A wily wordsmith held hostage in the basement of her Chicago home over the weekend was able to escape the clutches of her armed and naked captor thanks to an unlikely savior: Wordle, police say.
Denyse Holt, 80, told officers from the Lincolnwood Police Department that she fell asleep alone on Saturday evening but awoke in the middle of the night to find a naked and bloody man standing in her bedroom. She says her immediate instinct was to remain calm, but at the same time, she recalled thinking to herself that she was about to be murdered in her bedroom.
The suspect, 32-year-old James Davis III, was booked on multiple charges, including Home Invasion with a Dangerous Weapon, Aggravated Kidnapping while Armed With a Dangerous Weapon, and two counts of Aggravated Assault against a Peace Officer.
Right off the bat, Holt says, she told the alleged intruder that she would not scream and she would not try to fight.

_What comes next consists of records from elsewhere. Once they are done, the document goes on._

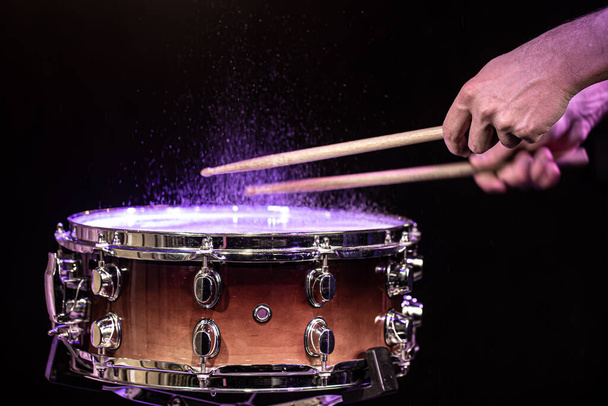 Drumsticks raken snare drum met spetterend water op zwarte achtergrond onder studioverlichting close-up. - Foto, afbeelding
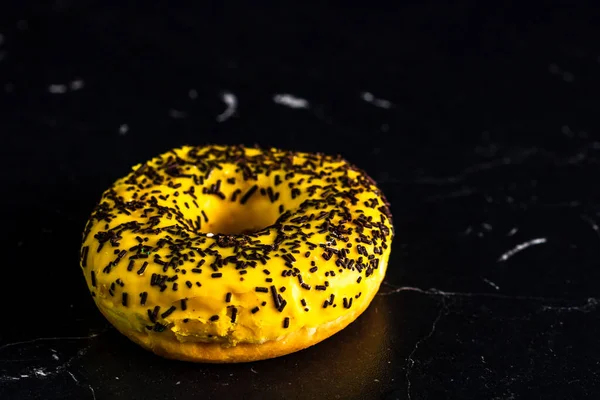 Una Rosquilla Amarilla Con Salpicaduras Sobre Fondo Negro — Foto de Stock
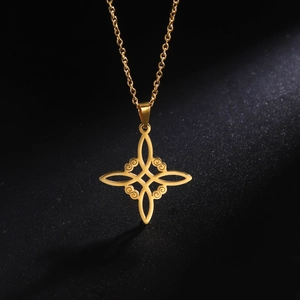Gros plan d'un collier pendentif nœud de sorcière celtique doré sur fond texturé noir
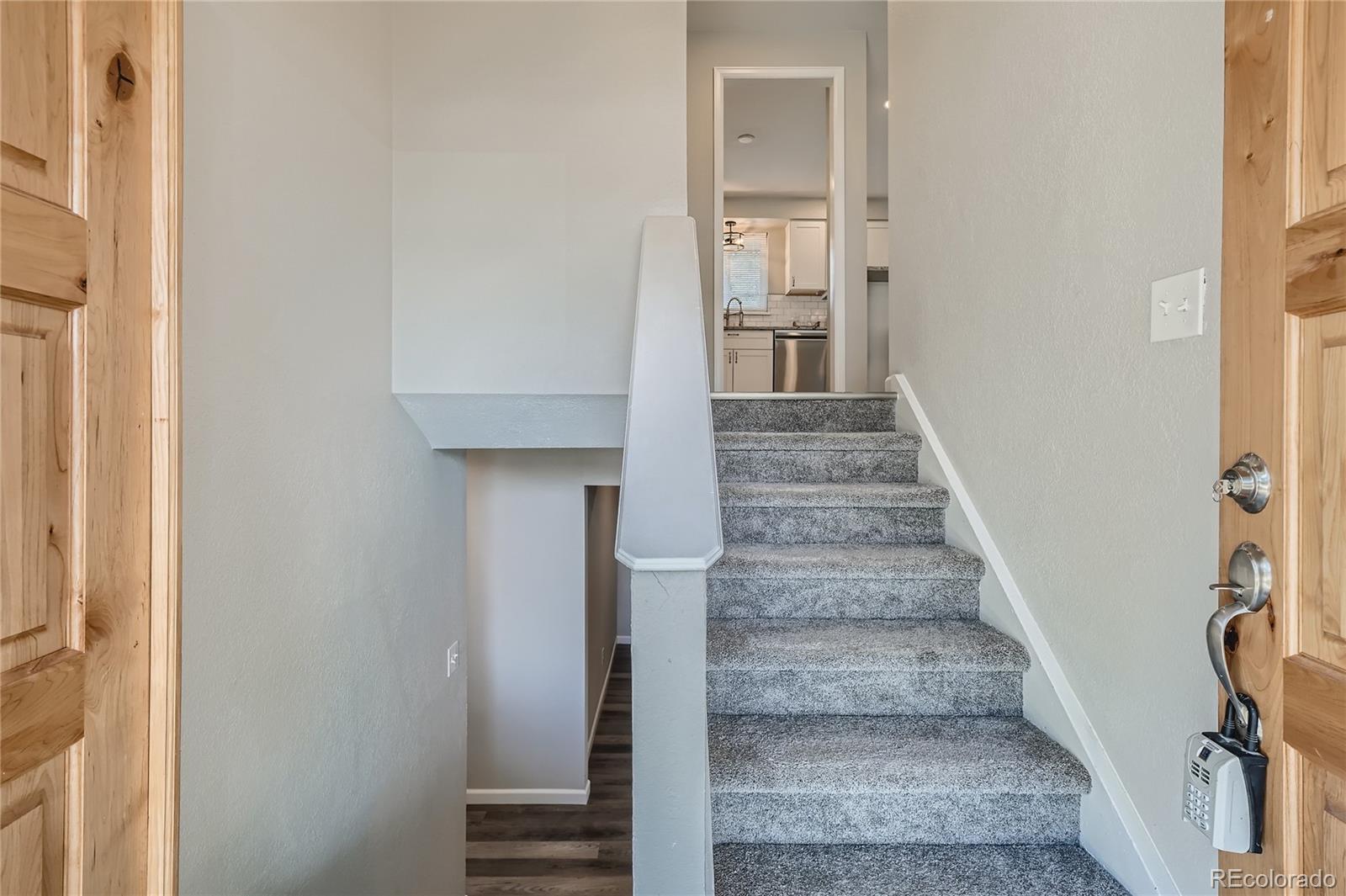 8506 Eaton Street Arvada, CO 80003 - Photo 4 of 28 a view of entryway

He allegedly then informed her that he was cold and needed all her blankets, which she immediately offered up to the naked and bleeding man. After laying in bed under the blankets for some time, the intruder decided he needed a bath and forced Holt to join him in the tub, police say.
According to Holt, it was after the bath that this already terrifying situation began to look hopeless.

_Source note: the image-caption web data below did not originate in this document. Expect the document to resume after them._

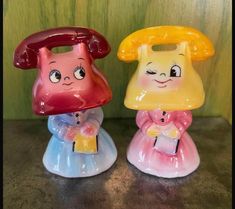 two little plastic toy telephones sitting next to each other on top of a table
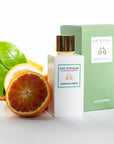 Lifestyle shot of Eau d'Italie Jardin du Poete Eau de Parfum Spray (100 ml) with box and citrus in the background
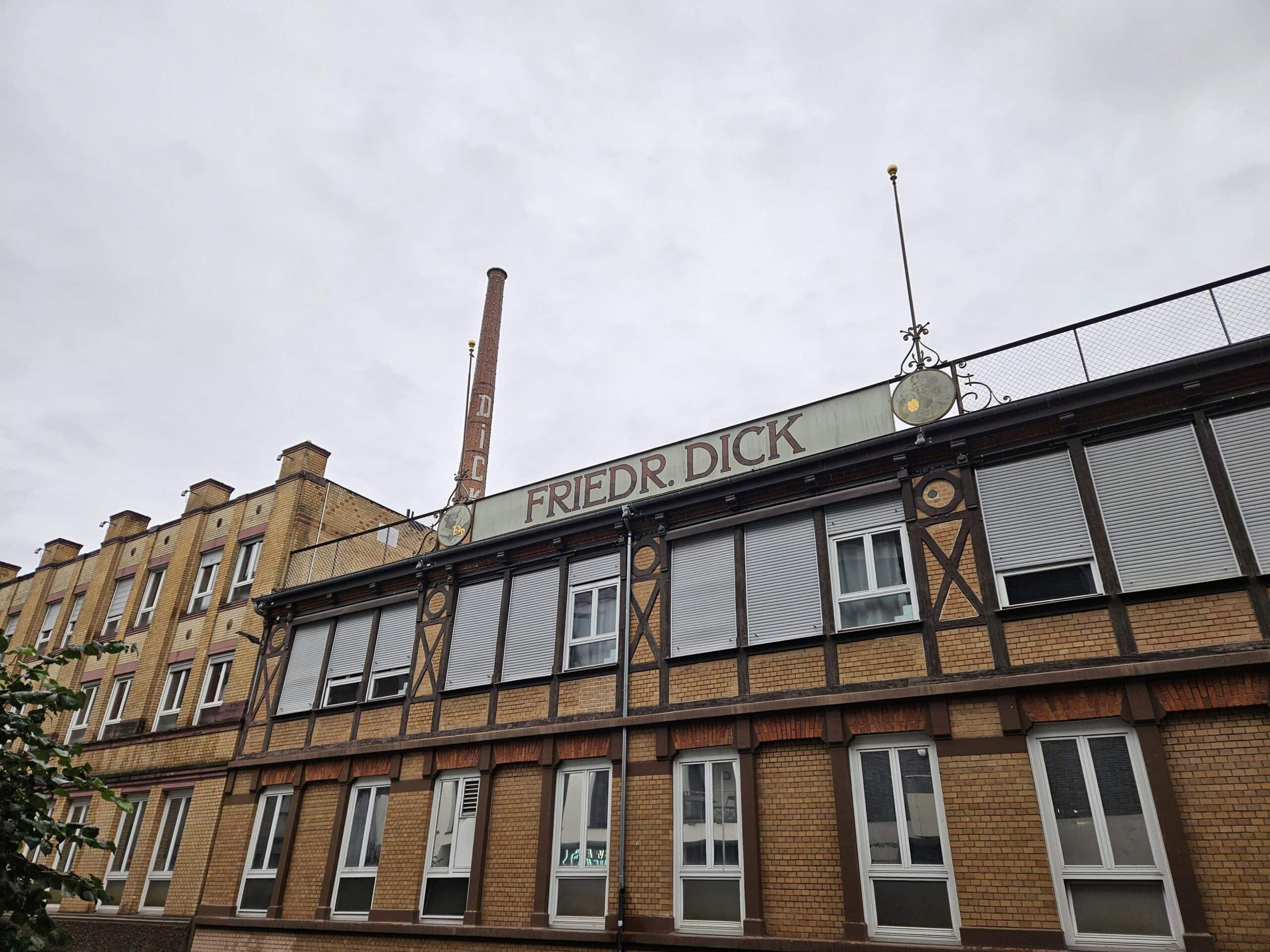 Industrielles Backsteingebäude mit "Friedr. Dick" Schild, bewölkter Himmel, historisches Design.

After exiting the tub and while still wearing her soaking wet nightgown, she says, the alleged intruder suddenly grabbed Holt by the arm and began dragging her around the house. He then allegedly disconnected each of Holt’s landlines, leaving pools of blood everywhere he went from his cuts. The alleged intruder’s gashes were from the shards of glass that he failed to clear away after smashing a window and crawling through to gain entry to the home.
In an interview with CBS 2, Holt said she next headed to the basement, but not before the intruder made a quick pit stop. “He took two knives from my kitchen. He told me he liked those,” said Holt.
Once in the basement, the intruder barricaded Holt in her tiny powder room.
“I didn’t think I was going to live,” said Holt.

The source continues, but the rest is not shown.